The master plan for Colorado State University- Pueblo presented on May 29 revealed a new classroom building and additions to the Occhiato University Center.
Physical Plant Director Craig Cason presented the plan, which consisted of a visual representation of additions to be made on campus. Cason said it was important that the master plan be visual instead of written, like most master plans are, so it could be easily discussed.
When putting together the master plan, Cason said it was important that the hired designers keep to three core guidelines. The design had to be aligned with the mission of the university as well as enhance the campus environment and be sustainable and safe for students, faculty and visitors.
Funding currently exists for a new 45,000 square feet, three-story classroom building that would sit on the west side campus. The building would house four to six new lecture classrooms with tiered seating and four computer labs.
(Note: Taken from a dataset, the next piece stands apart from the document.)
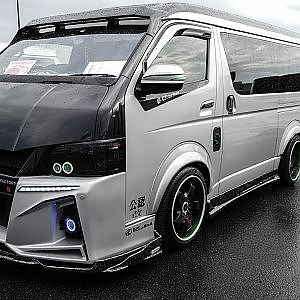 modified 200 HIACE 200系ハイエースカスタム โตโยต้า ไฮเอซ - SBM2023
The commitment to placing the building on the west side of campus, near the arts and music building, came after a decision to keep the current sections of campus in place.
Cason said that the campus is divided into an academic corridor, a residence corridor and a sports corridor.
Cason and Vice President for Finance and Administration Marty Hanifin reiterated throughout the presentation keeping the campus layout consistent was important.
Approval of the classroom buildings has already been made and construction is expected to begin in early 2014 after the design is completed in the fall. Construction will take around two years.
The additions to the OUC have not been approved but a funding source has been indicated. Plans for the OUC will be presented to the board of governors in early August, according to Cason.
Construction for the additions would start in February. To alleviate inconvenience during construction, the OUC is expected to remain open. Cason said the bookstore would be removed from its current location to better transition the academic corridor and the residence corridor.
The master plan also adds a significant amount of landscaping to the campus. Cason said this was the most obvious change in the design presented. The current drainage system running through campus will be transformed into Wolf Creek, so it will not only serve a purpose but “encourage students to stay on campus,” Cason said.
Funds for Wolf Creek have been located and completion of the project is expected by next summer, “or at least phase one,” Cason said.
“(The creek) will really bring in the Colorado feel,” Hanifin said. Boulders and greenery would be added along the current drainage system to create the creek.
Criticism from the audience included the manpower and cost associated with Wolf Creek and additional landscaping.
The planners assured costs and water usage were taken into account during design. Native plants and vegetation will surround the campus to lessen water usage up to 50 percent.
Plans for a campus at full capacity were also revealed. If CSU-Pueblo is to reach an enrollment of 8,000 students, a design has been made to satisfy the needs of the school. The design indicated several new academic buildings as well as new access points, a complete road around campus and additional landscaping.
“We have to have reasons for people to want to come here,” Cason said. He added the master plan for CSU-Pueblo was ultimately to serve the purpose of an expanding campus but also to create a more inviting environment for the community.